Extracted data.
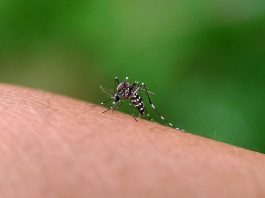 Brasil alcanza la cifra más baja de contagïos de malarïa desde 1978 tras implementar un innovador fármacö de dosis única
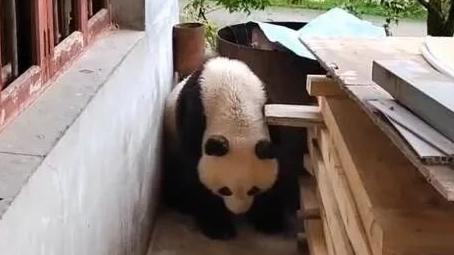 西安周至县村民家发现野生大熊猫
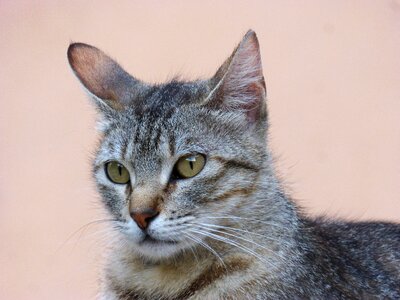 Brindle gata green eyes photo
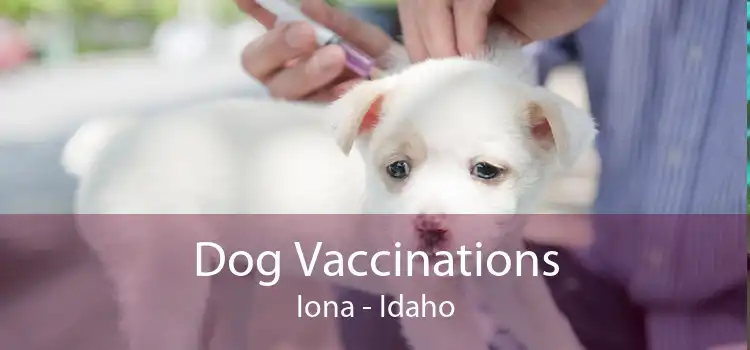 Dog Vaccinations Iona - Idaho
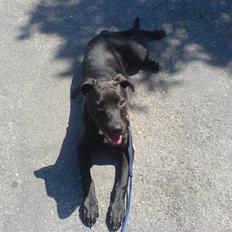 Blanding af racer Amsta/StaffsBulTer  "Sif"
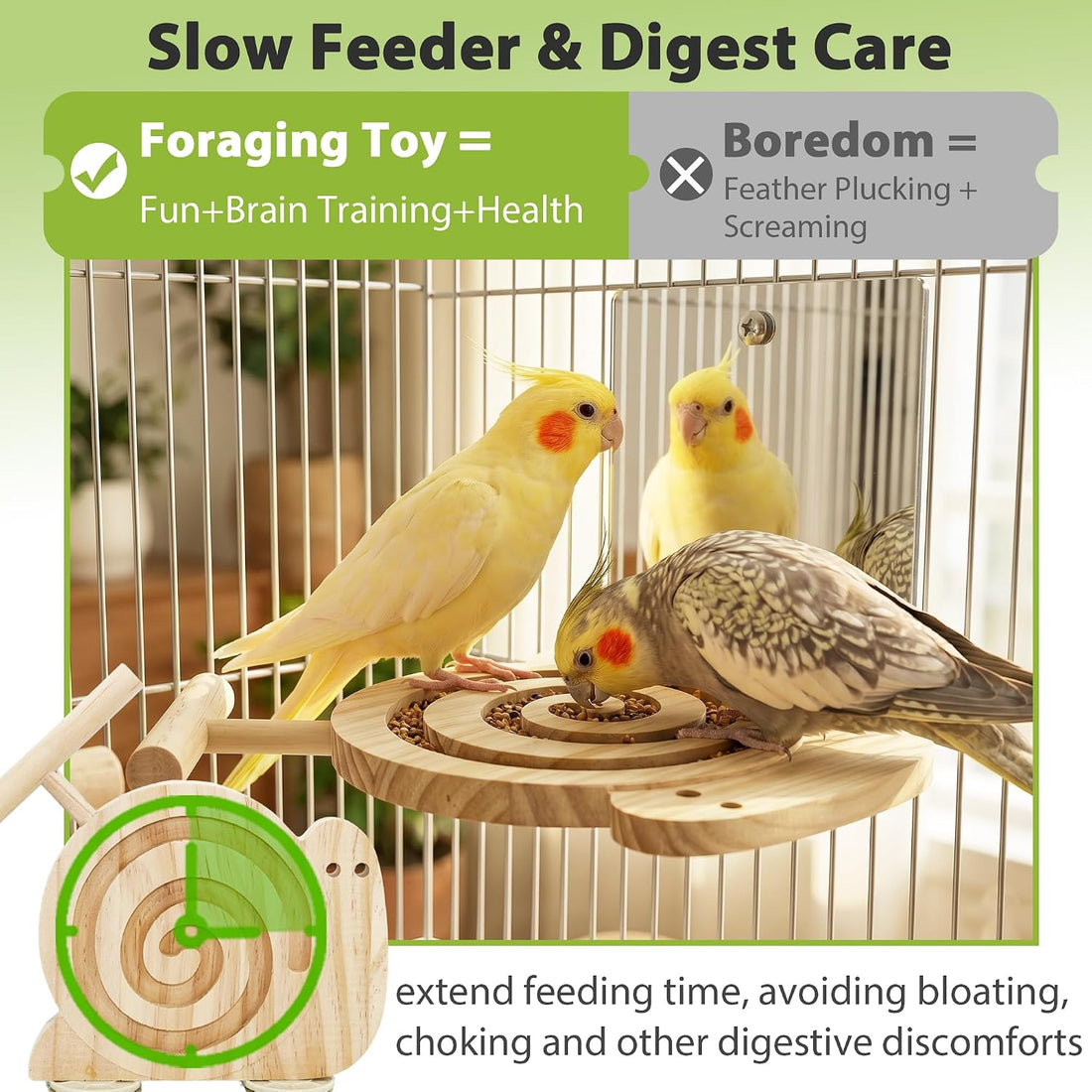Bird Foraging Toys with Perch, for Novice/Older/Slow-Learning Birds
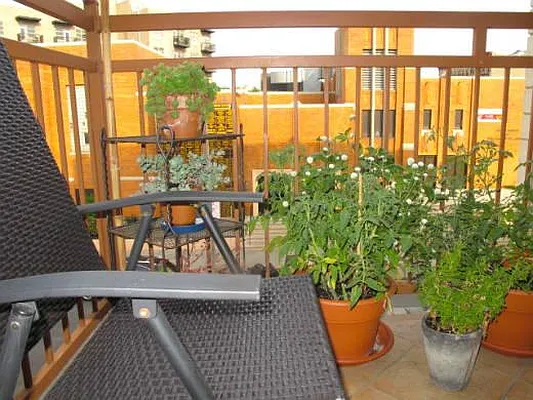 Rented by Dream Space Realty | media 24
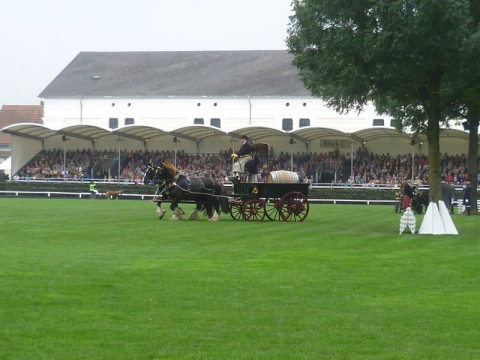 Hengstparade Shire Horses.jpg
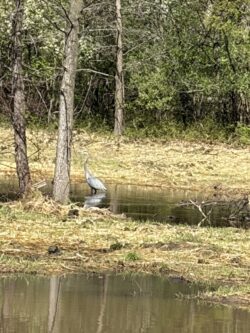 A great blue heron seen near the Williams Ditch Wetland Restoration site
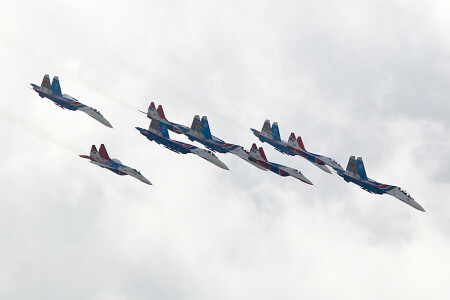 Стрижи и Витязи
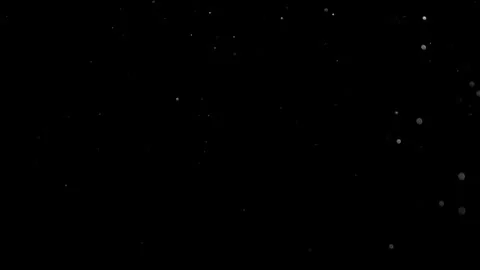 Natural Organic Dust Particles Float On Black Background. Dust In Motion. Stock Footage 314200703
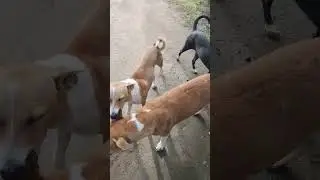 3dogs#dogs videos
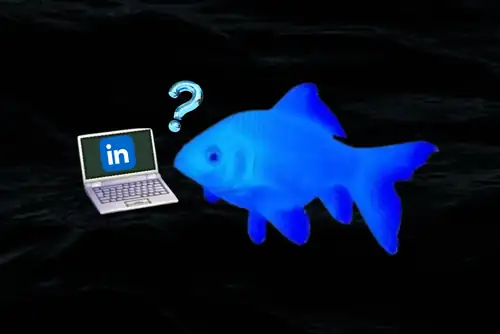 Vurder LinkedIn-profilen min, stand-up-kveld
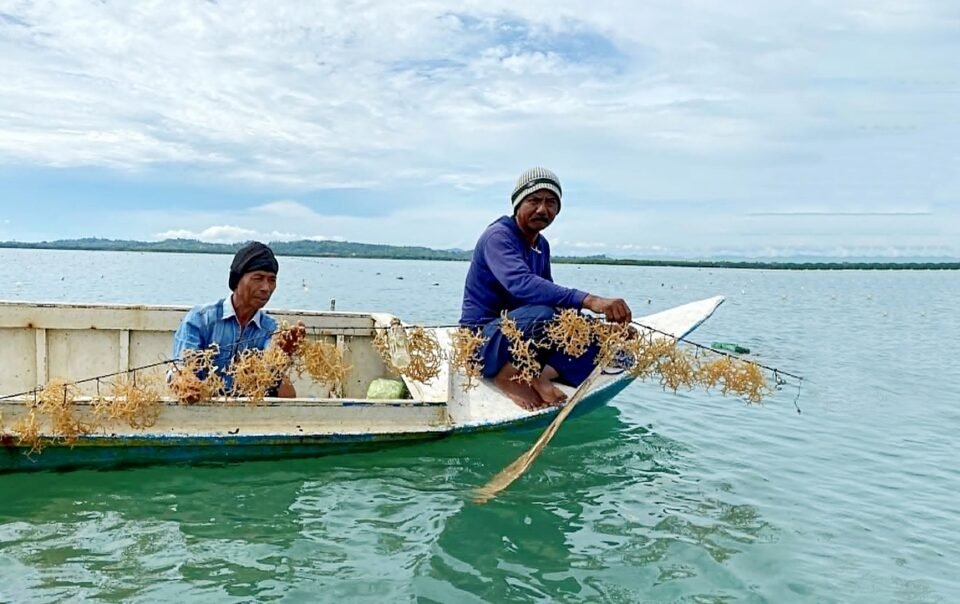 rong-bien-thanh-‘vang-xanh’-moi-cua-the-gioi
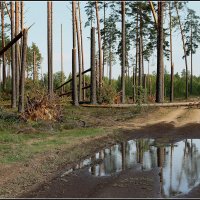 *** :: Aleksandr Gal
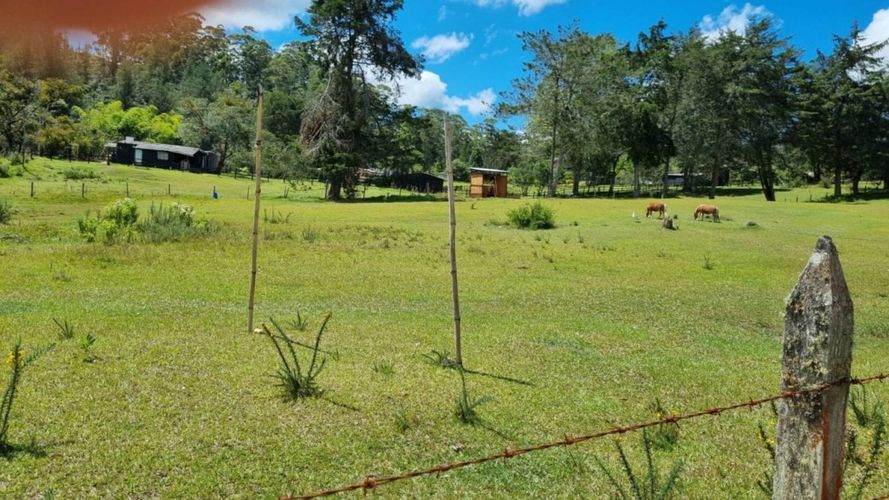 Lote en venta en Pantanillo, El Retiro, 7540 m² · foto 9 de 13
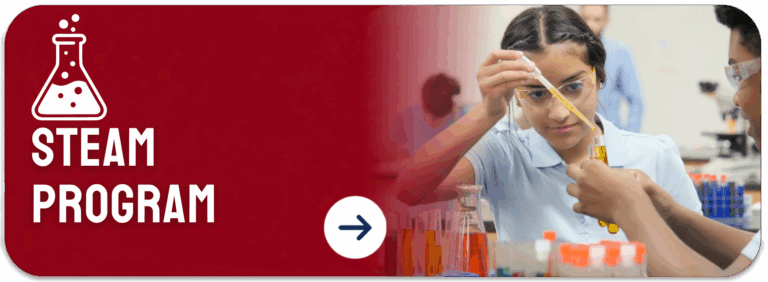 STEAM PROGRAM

The task.
Would you please write out exactly the lines between the line containing "Стрижи и Витязи" and the last line of the listing above, inclusive, without pictures?

Result for this task.
 Стрижи и Витязи
 Natural Organic Dust Particles Float On Black Background. Dust In Motion. Stock Footage 314200703
 3dogs#dogs videos
 Vurder LinkedIn-profilen min, stand-up-kveld
 rong-bien-thanh-‘vang-xanh’-moi-cua-the-gioi
 *** :: Aleksandr Gal
 Lote en venta en Pantanillo, El Retiro, 7540 m² · foto 9 de 13
 STEAM PROGRAM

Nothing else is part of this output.